If that was not enough, Sun now faces questions on whether the market had got wind of its $4-billion (₹24,000 crore) proposal to buy Ranbaxy in advance.

“There was no insider trading, that’s for sure,” says Israel Makov, Sun Pharma’s Chairman, responding to questions on the spike Ranbaxy shares had seen prior to the deal announcement. The development attracted attention more so, because Silverstreet Developers LLP, a Sun subsidiary, held 1.6 percent equity in Ranbaxy, owned by Japanese drug-maker Daiichi Sankyo.

Makov told Business Line : “Firstly, from time to time, we make investments in stressed companies. So, it’s not the first example. Secondly, this investment was made by the subsidiary before we entered into any meaningful negotiation with Daiichi, before Daiichi had agreed to sell… before we (had) seen any confidential information. So how can it be insider trading?”

Sun’s management had earlier clarified that its subsidiary’s shares in Ranbaxy would get annulled when the transaction is completed. A market analyst said Sun’s admission on cancellation could also be risky “since it means you could have known of the deal, since you are invested in Ranbaxy”.

However, Makov defended the deal. “The cancellation is a technical issue. We buy all shares of Ranbaxy, and for each shareholder, we give shares of Sun. So we give a subsidiary of Sun shares of Sun – so it is cancelled... There was no insider trading, that’s for sure.” Few people knew about the negotiations in both companies, he said. “There was no leak from the company.” In fact, “one day, they will learn of this deal in business schools, not only on keeping the details close, and use only advice you need to use. We did all the negotiations outside the country.”

FDA woes

On dealing with Ranbaxy’s US regulatory problems, Makov said: “We are a hands-on company. It’s a major focus for us. We will change the way to look at it.” Besides, all companies in the industry, even the best companies, run into trouble from time to time and manage to resolve it.

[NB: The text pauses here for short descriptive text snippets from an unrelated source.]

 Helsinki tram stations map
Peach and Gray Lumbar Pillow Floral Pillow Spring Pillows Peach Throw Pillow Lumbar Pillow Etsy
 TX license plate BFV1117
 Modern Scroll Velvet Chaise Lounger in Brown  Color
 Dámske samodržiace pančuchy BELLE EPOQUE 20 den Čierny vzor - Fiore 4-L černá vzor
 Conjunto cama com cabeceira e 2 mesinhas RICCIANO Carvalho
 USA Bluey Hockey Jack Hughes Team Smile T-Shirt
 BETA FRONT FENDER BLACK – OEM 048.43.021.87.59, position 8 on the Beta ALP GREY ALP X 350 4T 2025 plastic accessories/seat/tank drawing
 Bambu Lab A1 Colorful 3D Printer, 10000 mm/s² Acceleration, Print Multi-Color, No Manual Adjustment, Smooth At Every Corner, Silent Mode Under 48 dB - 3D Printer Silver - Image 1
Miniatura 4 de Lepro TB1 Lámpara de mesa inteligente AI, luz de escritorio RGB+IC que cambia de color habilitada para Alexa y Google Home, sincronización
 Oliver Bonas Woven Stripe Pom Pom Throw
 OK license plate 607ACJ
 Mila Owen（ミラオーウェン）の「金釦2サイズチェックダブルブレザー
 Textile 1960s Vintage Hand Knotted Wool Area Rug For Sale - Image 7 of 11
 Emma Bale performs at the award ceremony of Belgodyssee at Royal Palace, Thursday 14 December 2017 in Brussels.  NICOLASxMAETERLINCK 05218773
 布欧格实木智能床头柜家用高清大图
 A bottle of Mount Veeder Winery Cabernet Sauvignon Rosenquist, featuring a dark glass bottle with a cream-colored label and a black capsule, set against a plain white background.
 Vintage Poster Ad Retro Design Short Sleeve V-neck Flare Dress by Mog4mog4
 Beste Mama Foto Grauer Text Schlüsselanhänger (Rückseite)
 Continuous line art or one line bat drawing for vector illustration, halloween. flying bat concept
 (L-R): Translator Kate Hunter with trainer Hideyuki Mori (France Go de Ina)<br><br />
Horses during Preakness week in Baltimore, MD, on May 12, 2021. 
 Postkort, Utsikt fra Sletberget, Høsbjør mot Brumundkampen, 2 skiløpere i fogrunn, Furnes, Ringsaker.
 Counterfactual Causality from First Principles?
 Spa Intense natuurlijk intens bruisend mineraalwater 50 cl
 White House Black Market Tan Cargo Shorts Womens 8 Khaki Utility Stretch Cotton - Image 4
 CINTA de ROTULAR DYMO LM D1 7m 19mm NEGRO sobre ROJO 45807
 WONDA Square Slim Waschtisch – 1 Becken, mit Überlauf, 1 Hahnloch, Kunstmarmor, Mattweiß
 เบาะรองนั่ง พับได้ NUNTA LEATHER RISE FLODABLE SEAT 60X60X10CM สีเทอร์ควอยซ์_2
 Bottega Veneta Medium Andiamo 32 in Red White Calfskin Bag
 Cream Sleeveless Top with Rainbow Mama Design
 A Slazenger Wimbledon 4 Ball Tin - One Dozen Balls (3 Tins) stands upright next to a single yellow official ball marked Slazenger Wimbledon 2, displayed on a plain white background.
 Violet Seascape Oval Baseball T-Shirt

Addressing the huge integration that lies ahead, he said: “We look at employees as an asset and not liability”. Sun would look to guide people, make them more accountable and introduce management systems, and motivate employees to increase productivity, he added. “Our eyes are focused on Sun….We are going to be Sun and we don’t have a megalomanic aspiration to be Teva or Facebook.” All Sun wants is to give shareholders a standard of profitable growth, he added.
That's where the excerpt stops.